• yıldız tilbe'nin ilk albümünden oldukça güzel bir şarkı..

    söz: yıldız tilbe
    müzik: bülent özdemir

    akarım sonsuza deli sel gibi
    tut çevrele tut gölün olayım
    çarparım ne varsa deli yel gibi
    tut kollarımdan tut ki durayım

    tüm yaşananlar bir bir
    günaha dönüşüyor ah zamanla uğraşma
    sen öyle bela deli sev ki beni
    bütün yasakları yasakla

    her soluğunda baştan ayağa
    çek beni içine orda kalayım

    zaten aşklar hep yalan dolan
    sonu hep sızı hüsran
    geriye kalan ardından
    yalnızlık olsa da sana değer
  • "her soluğunda baştan ayağa çek beni içine orda kalayım" söylenmiş en güzel aşk sözlerinden bir tanesi olsa gerek.
  • sozleriyle, muzigiyle, anlatmak istedigiyle yıldız tilbe'nin simdiye kadar soyledigi en guzel sarkıdır. turk popunun en guzel sarkılarına da ilk on'dan girer.
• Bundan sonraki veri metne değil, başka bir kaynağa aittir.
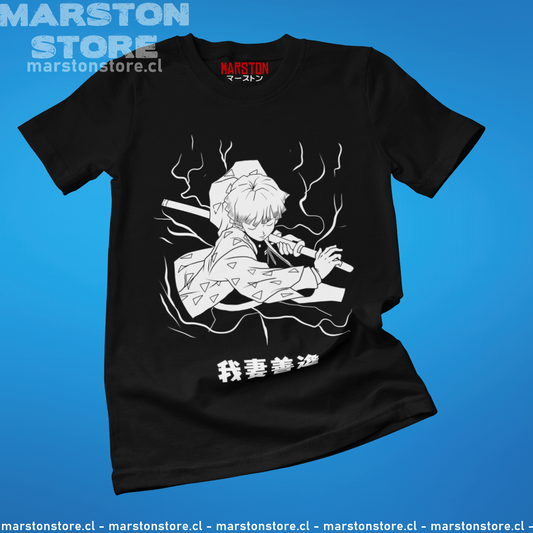 Polera negra con diseño de Kimetsu no Yaiba Demon Slayer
    "tüm yaşananlar bir bir
    günaha dönüşüyor ah zamanla uğraşma
    sen öyle bela deli sev ki beni
    bütün yasakları yasakla "

    içten, gercekci, acık, asık.
  • geçenlerde radyoda yıllar sonra karşıma çıkmış olan, uzun zamandır dinlemediğimi ve dinlerken sözlerini büyük ölçüde bildiğimi fark ettiğim şarkı. iyi olan kalıcıdır.
  • bülent özdemir'in bestesini vaktiyle ilk önce askin nur yengi almistir. lakin söz yaz(dir)ip sarki haline getirmesi gecikince yemeyenin malini yildiz tilbe yemis, beste layik oldugu sözlere ve girtlaga kavusmus ve bizim de agzimiza bir parmak bal calinmistir. yengi'nin o dönemde piyasaya sürdügü kara cicegim adli albümündeki kivami kacmis alaturka-latin karisimi sound bu sarkinin nasil da bir ucurumun kenarindan döndügünü kanitlar.
  • alkol alinca süpper giden sarkidir bu.. bu da gostermektedir ki cirkin yildiz tilbe yoktur az alkol vardir beybim beybim..
  • bir metropol kadinin agzindan dinleyince gonul iliskilerinde aradigini bulamamis kendini isine gucune adamis birinin de sarkisi olabilir zira zaten asklar hep yalan dolan geriye kalan ardindan yalnizlik olsa da buna deger.
  • yildiz tilbe'nin gözlerini kisa kisa haykirip saclarini stüdyo vantilatörünün rüzgarina saldigi, urt'nin koca doksanlari gecirdigi beyaz zeminli stüdyoda cekilmis, zamaninin en ucuz islerinden olan bir klibi vardi. tüm hesapliligina ragmen tilbe'nin en güzel göründügü, yüzüne daha sonra yapisacak olan asimetrinin henüz tesrif etmedigi zamanlardan kalma görüntüler silsilesi. tilbe'yi ambalajlayip pazarlamaktan sorumlu sahislarin daha sonra gülüm albümünün kartonetinde de uyguladiklari beyaz fonla bütünlesen kirec yüz numarasindan da kaynaklaniyor olabilir bu.
    http://youtube.com/watch?v=xlr0cmegcyc
  • yıldız tilbe'nin sözlerindeki ifadeleriyle örtüşürcesine deli yel / deli sel gibi söylediği, o duyguyu verdiği, aşka değil ama sana değer veriyoruma getirdiği şarkıdır. sen öyle bela, deli sev ki beni; bütün yasakları yasakla demiştir. aşkı reddedip deli gibi aşık olma paradoksunu içinde barındıran sözleri olsa da, arada bir dinlenerek insanın içinde bastırdığı duyguların nerede şahlandığını görerek, netlik kazanmasına sebep verir kimi zaman.
  • şimdi yıllar sonra tekrar dinleyince edindiğim naçizane fikir: melodinin akılda kalıcı, sözlerin, vokalin, flamenko gitarın şahane olduğu, ama arkadaki o yapay, değişmez org ritminin dinleme keyfini biraz kaçırdığı şarkı. ah ah, kıçıkırık org sample'ları kullanılacağına iskender paydaş gibi düzgün bir bateristle kaydedilseymiş keşke..
    yine de aynı dönemdeki çok daha rezil prodüksiyonları düşününce buna da şükür dememiz gerek sanırım.